"When are you going back to your country?"

An elderly waitress pours steaming diner coffee into my white ceramic mug. She is smiling.
      "When are you going back to your country?"
I am a bit taken aback, I pause for a bit, then reply.
      "This is my country."
She squints her eyes, is visibly surprised.
      "You were not born here, were you?"
      "No, but I am a citizen."
She moves away.

I sit there and as I go through my brunch, I reflect. What was this exchange about?
It was strange I was not feeling offended. Should I?
What is this belonging? What is this identification? Is it important? Who am I? What's in a label?

American Diner that serves Fortune Cookies
I spent 22 years in India, and 20 years in the US. So, what should be my label?
When in India, my family and friends treat me differently, I speak with an accent they say, that my eating schedule has changed. They point out that I am soft and cannot handle hard stuff like heat, sweat, and squat toilets. They say I have become very independent, and I should keep my American ideas to myself.
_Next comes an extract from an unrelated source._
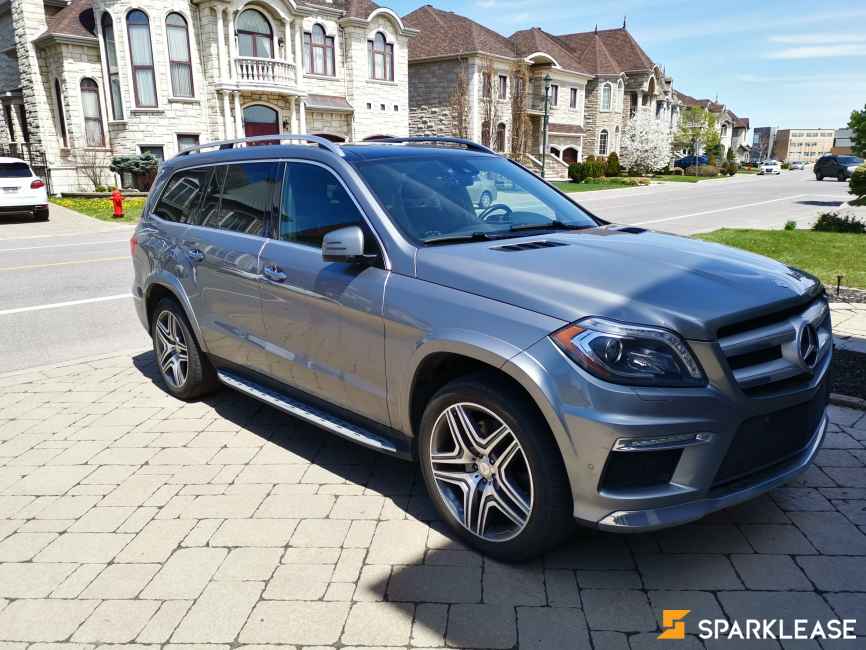 2014 Mercedes-Benz GL-Class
In almost every conversation it comes up - "you do not know the reality here in India" - even when I say absolutely nothing and just sit and watch the life flow by. Some say I am unpatriotic, having left India in my youth and not served her for all she did for me, that I did not repay my debt to my motherland. I have had people ridicule my life in the US and say I have it so easy compared to the struggle in India, they make fun of the material stuff I have - house, car, dishwasher, laundry, etc. Over the two decades, a chasm has formed and it has grown deeper and deeper. The connection, if there was one, is indeed lost, the sense of belonging has been frayed.

Here is the US, from the very first day there has been a sense of distance too, sometimes very blatantly like this conversation at the diner, and sometimes very subtly. Every workplace I have been at, there has been the undercurrent. At one job, we had an African American admin assistant who was totally incompetent, every task given to her had to go through minimum five revisions to get right, even if it was a one-page letter. It was amazing how she held on to a job for five years, all she did was paint her nails and talk about shopping. And when it came to work, I only focused on efficiency, I did not see color or age or anything but getting the task done. One day I insisted that she do her job. She complained. I got called into my supervisor's office. I was appalled by what he patronizingly said to me - "Look, you are from India, and maybe in India because of the caste system, you are taught from the very childhood to discriminate against people of color. It is not like that here in the US. Here, we treat everyone equally." I was too stunned to say a word. And there have been so many instances, I could write a long book on just these kinds of stories. The perception of American people is also quite unique, there is an expectation for everyone to melt into one common stereotype robots, and there is a fear of everything that is different or "off spec". The sense of belonging here in the US is also quite frayed, rather it was never really well-formed.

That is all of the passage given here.